対呉と言っても、手がかりになるモノが無い。
そこで鄧艾は書庫で情報を得る事にした。
魏と呉の戦いは非常に激しい戦いがいくつか残っている。
武帝時代に水上戦となった赤壁の戦いと、地上戦となった合肥の戦い。
文帝時代に三方面から攻めた広陵の戦いである。
もちろんその他にも多数あり、小競り合いまで含めればとても全てを記す事も出来ないほどではあるのだが、代表的と言えるのはその三つと言えるだろう。
そこで鄧艾が至った結論としては、やはり長期戦の構えだった。
赤壁の時には周瑜、合肥の時には甘寧、広陵の時には徐盛と、呉にはその時に必要な人材が天から与えられているとしか思えないところがある。
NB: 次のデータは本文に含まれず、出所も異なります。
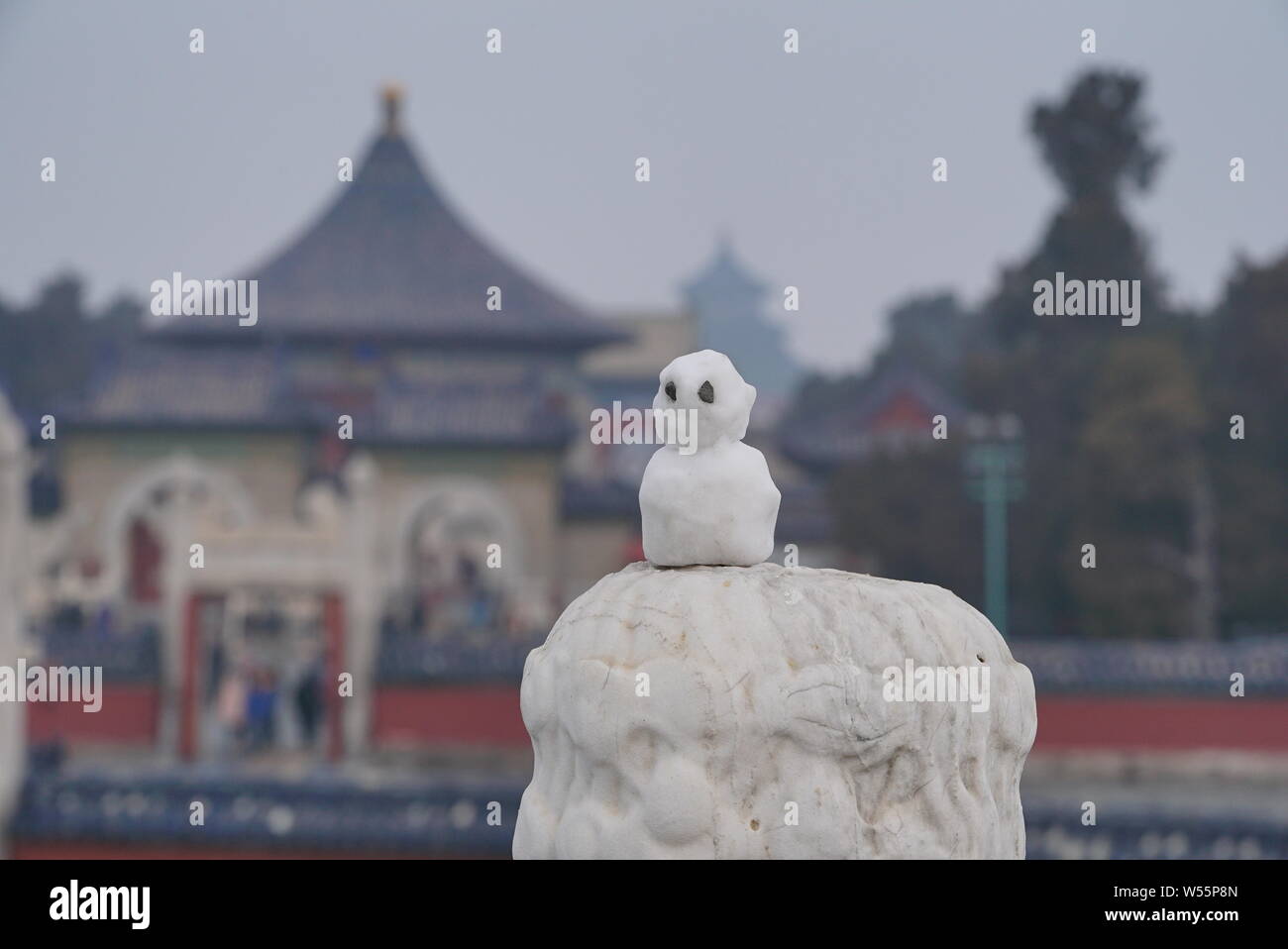 Vista del Tempio del Paradiso, noto anche come Tiantan dopo una nevicata lungo la strada Zhongzhou, letteralmente asse centrale, a Pechino, in Cina, 19 Foto Stock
鄧艾はそう結論付けて戦略を練っていたが、この宿題を与えられている者は鄧艾だけではない。
書庫の外では同じ宿題を与えられた若き俊傑達による討論が、連日に渡って行われていた。
ほぼ毎日通っている鄧艾とはすっかり顔なじみになった少年達は、大まかに言えば三つの主張で論争していた。
一人は水上戦を押していた。
呉の要は水上戦にあり、そこを叩く事が出来れば呉の精神を根元からへし折る事が出来ると言う主張である。
それが出来ればもっとも手っ取り早いかも知れないが、戦の天才と言われた武帝ですらそれは成し得なかった。
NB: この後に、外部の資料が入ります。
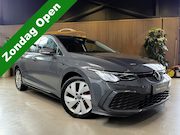 Volkswagen Golf - 2.0 TDI Style AUTOMAAT | STOELVERWARMING |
だが、もしそれが成し得ればおそらくその一戦で全てが決する可能性もあるほど、致命的な一撃になるだろう。
若さ故と言えなくもないが、対呉戦略としてはもっとも魅力的な戦略と言える。
これを主張しているのは鍾会と言う少年を中心とした一派で、ここに集まる少年達の中でも最大勢力となっている。
一人は同じく主戦論でありながら、文帝が行った広陵の戦いの様に多方面からの一斉攻撃を主張していた。
文帝は相手の策で対処されてしまったものの、多方面からの仕掛けは非常に有効である。
この対呉戦略の前提として蜀は既に滅んでいるのだから、蜀方面からさらなる一軍を送り込むと言う事だ。
かつて蜀の劉備は呉に対して領地深く、夷陵まで侵攻する事が出来た。
呉の大都督であった陸遜に呼び込まれた、と言う見方も出来るが、これは蜀のみが相手だったからこそ出来た事である。
そこにさらに別方面から攻撃されていた場合、陸遜といえど対処出来なかっただろう。
呉の主力が水軍である事からも、地上からの攻撃と言うのは決して悪くない。
これを主張しているのは杜預と言う少年だった。
が、そこまでの大軍団を編成し、さらに同時攻撃と言うのは理想的とは言え、現実的には困難と言える。
大軍になればなるほど連携は難しく、まずその軍隊を用意するところから厳しい。
戦略としては素晴らしいのだが、現状ではもう少し練る必要があるだろう。
しかし一戦にて勝敗を決めると言うところは鍾会と同じでも、その見ているところで言うのであれば将軍としての器量や視野の広さは、この杜預の方が優れているのではないかと鄧艾は思う。
もう一人は、国境の守備を強化して大国である魏と小国である呉と言う図式をはっきりさせ、外交によって呉を弱体化させると言うものだった。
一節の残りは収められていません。